▶ _Directions for this task_
Transcribe the stretch of entries below from the line with "RMCsport's tweet photo." through the line with "Blue & Red mesh", exactly and with both ends included; leave out all other lines.

▶ _Material shown_

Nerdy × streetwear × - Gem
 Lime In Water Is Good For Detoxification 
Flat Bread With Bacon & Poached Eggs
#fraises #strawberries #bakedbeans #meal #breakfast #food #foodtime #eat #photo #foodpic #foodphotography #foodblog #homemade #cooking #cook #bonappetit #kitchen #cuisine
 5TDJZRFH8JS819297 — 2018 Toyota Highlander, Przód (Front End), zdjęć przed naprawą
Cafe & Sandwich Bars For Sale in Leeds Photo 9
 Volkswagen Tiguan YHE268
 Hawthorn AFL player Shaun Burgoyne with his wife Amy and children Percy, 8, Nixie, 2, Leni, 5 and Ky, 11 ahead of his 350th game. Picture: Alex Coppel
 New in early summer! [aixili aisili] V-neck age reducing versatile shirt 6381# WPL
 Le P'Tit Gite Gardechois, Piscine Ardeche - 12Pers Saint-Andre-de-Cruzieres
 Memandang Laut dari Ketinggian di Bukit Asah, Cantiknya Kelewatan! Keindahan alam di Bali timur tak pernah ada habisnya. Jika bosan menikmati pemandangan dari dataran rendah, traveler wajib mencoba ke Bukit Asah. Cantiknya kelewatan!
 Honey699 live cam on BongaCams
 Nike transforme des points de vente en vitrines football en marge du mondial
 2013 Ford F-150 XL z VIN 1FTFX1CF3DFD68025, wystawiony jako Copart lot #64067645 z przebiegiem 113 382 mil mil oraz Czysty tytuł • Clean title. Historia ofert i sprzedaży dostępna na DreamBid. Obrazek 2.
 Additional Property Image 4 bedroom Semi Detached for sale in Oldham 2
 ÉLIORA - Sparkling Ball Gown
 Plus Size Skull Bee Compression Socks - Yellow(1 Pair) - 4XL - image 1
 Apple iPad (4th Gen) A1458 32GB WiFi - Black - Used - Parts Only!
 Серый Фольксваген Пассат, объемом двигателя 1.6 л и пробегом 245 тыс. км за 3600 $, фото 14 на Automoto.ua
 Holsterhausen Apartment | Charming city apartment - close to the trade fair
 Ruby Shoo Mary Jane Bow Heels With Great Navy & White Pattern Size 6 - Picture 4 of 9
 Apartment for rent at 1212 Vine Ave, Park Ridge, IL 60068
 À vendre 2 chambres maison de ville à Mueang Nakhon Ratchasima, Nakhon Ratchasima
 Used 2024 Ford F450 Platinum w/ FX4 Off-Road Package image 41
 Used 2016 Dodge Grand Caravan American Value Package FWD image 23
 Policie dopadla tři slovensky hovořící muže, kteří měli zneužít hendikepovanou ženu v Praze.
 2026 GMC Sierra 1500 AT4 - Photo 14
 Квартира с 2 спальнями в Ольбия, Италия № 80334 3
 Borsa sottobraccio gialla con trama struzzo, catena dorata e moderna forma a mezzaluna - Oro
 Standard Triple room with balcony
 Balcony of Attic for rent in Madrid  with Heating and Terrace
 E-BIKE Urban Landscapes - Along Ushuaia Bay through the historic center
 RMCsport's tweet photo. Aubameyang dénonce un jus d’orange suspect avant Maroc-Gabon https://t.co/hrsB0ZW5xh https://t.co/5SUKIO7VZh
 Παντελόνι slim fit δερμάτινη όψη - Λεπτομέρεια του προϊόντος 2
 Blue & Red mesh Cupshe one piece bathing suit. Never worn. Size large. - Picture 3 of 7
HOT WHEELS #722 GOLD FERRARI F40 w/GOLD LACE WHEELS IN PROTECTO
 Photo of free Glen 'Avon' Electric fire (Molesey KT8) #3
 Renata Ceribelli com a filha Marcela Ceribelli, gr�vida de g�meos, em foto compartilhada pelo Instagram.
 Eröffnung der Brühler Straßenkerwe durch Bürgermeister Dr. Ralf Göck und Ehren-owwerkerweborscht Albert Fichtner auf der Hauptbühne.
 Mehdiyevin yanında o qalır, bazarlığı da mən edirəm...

▶ _Written response_
 RMCsport's tweet photo. Aubameyang dénonce un jus d’orange suspect avant Maroc-Gabon https://t.co/hrsB0ZW5xh https://t.co/5SUKIO7VZh
 Παντελόνι slim fit δερμάτινη όψη - Λεπτομέρεια του προϊόντος 2
 Blue & Red mesh Cupshe one piece bathing suit. Never worn. Size large. - Picture 3 of 7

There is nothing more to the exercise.